And why the notion of ontological design means that we as designers should think a step further and design mindful systems that will, in turn, affect us back in a favourable way.
“What we design, will in turn design us back.“
Wow. That sounds deep. Let me explain.
This idea derives from the notion of ontological design. The basic idea of ontological design is that everything we design in this world, will in turn design us back. First we as humans build the tools, then these tools build us back: We are the creators, but then we are created by our tools.
Let me give you an example:
We all know how the smartphone has revolutionised our lives. Today, we have these little devices in our pockets that have thousands of times more computing power than the computers that first put a man on the moon. The majority of Internet traffic (over 60 percent) now comes from mobile devices rather than desktops, which long served as the dominant online portal. But in addition to changing our browsing habits, affecting us culturally and socio-economically, the smartphones have also impacted our brain in a deeper way: With search engines and digitally managed contact lists just a touch away, analysts say smartphones are affecting how the brain processes information.
The authors of a study conclude that persistent access to information via search engines is permanently changing how our brains catalog knowledge.
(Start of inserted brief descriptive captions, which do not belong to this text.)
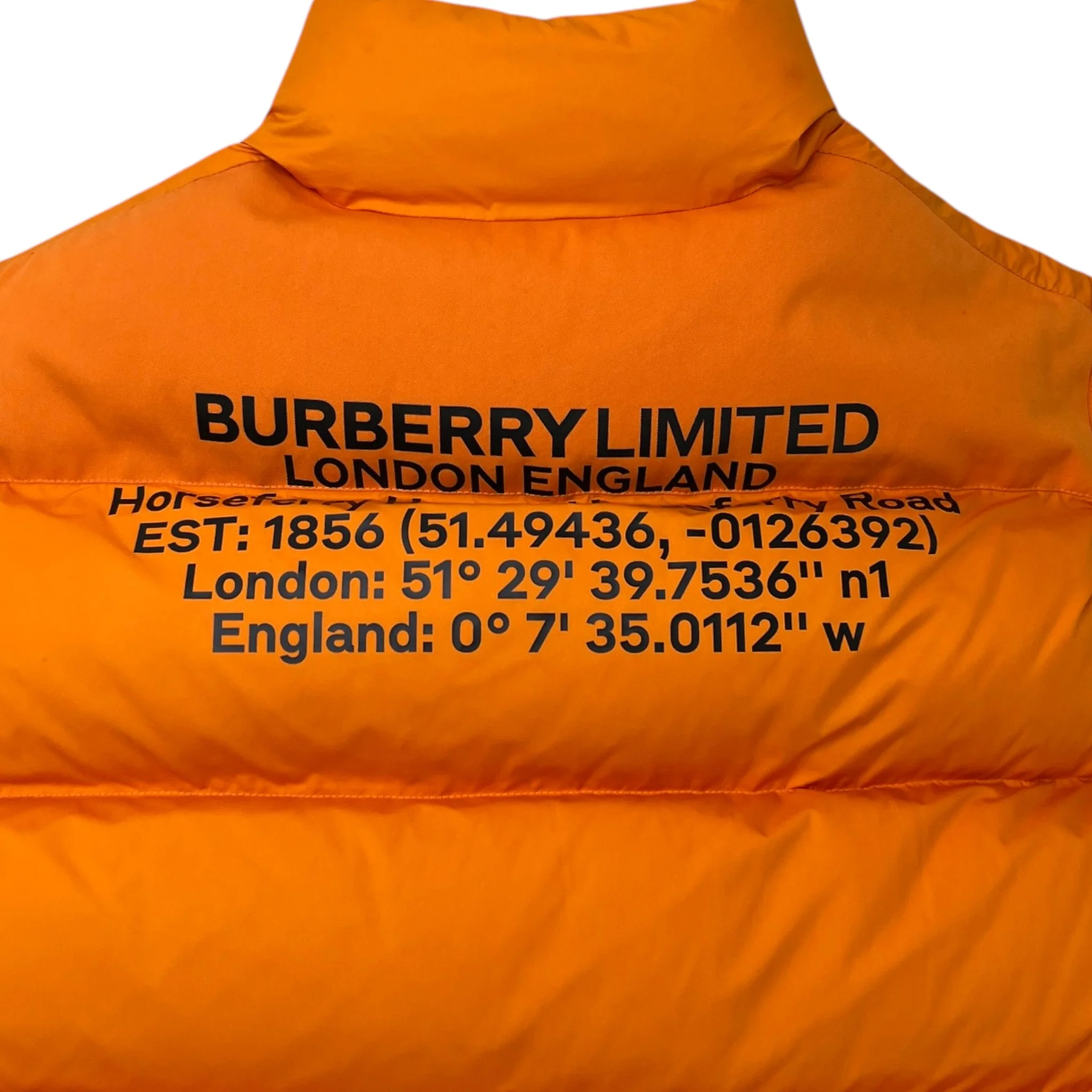 Men's Halstock Gilet Orange Size S - Image 5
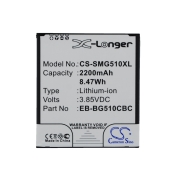 CS-SMG510XL<br />Baterías para  reemplaza la batería EB-BG510CBC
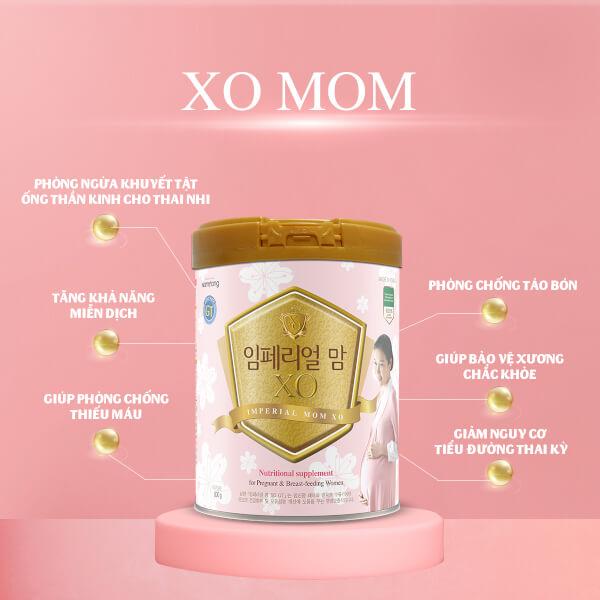 Sữa bầu XO Mom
In other words, the processes of human memory are adapting to the new computing and communication technology. According to the authors: “We are becoming symbiotic with our computer tools, growing into interconnected systems that remember less by knowing information than by knowing where the information can be found.”
What this means is that design affects us in a way that’s much deeper and more pervasive than what we usually think. Ontological design implies that there’s a certain circularity to the world we design: There’s an infinite feedback loop.